¿Guerra?
When the peace conversations where about to start, back in 98, when Tirofijo left our beloved (?) president, Mr Patraña standing like the moron he was, alone, one of his messenger boys (I think it was Raul Reyes) read his speech.
In it he justified thirty five years of blood, thirty five years of fighting because back in the beginning of the sixties the army went and stole his chickens. (I'm not lying, his speech did talk about stolen chickens).
No terrorist organization ever has defeated an stablished government, if that government has the support of the people it rules over. We are one of the best examples of that. I still remember with fear those days back in 88-89 or 92-93, when bombs exploded all over. It was bad, but we survived, even Pablo Escobar, with his endless amount of money, wasn't able to defeat the country.
There are two ways of handling this thing: Win the war and then bring the opportunities and development to the rural regions the war started on or, kill the war at it's source, at the lack of opportunities for the poor, and then expect it to end from it's own weight.
I think #2 might have been feasible fifteen years ago, but now it is not. You can not bring progress if you can't get there, and you can get there if armed men control rivers and roads.
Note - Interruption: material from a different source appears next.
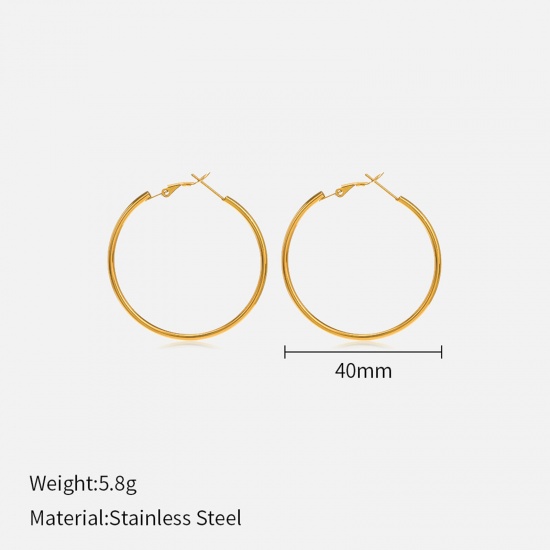 Picture of Eco-friendly Vacuum Plating Simple & Casual Simple 18K Gold Color 304 Stainless Steel Hoop Earrings For Women Party 40mm Dia., 1 Pair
So it is war. It is war that has no winners tough. The people that will die will be colombians, every way you look at it. Most of the time it will be 16 or 17 year old boys who had no other choice. I think that a "kill them all" strategy is not only bloodier than any possible bomb threat (we kill more than the people that die on the Twin Towers every year, without a declared war), but futile. We have to attack the means of financing and of obtaining weapons. If they have no money, they can't fight, and soldiers don't have to die.
Tehre is only one business that produces more money than drug traffic: weapon sale. However, this is not as punished and as prosecuted as narcotics for a simple reason: It brings money from third world countries into first world ones, from third world pockets into first world banks. Acting on rage one could say that with just the sheer desire of "killing them all" it would be as good as done (with a little bit of pain and suffering in the middle, but a done deal). It is not true. Angola has been devastating itself on a civil war, even bloodier than ours for 25 years, and it wasn't until the leader of the rebel party, Jonas Savimbi died that the two parts could start discusing the end of the bloodshed. However, such a long bloodshed was only possible because the governement financed itself by exporting petroleum and the rebels did so with diamonds, both had money to throw on russian, european and american weapons to kill each other.
The point is: It is war, but the way of defeating it is not by creating a half a million men army. We have to attack the visible heads, those sons of bitches that appear on the news informing us that "the rich are going to pay" or that "nos vemos el siete a las seis". I think it is time to play it fair: to throw this sons of bithces rights down the drain, like they have thrown ours and to hit them, but hit them on the head, because the rest of the body can reproduce, but headless they are just a group of kids that happen to have a gun.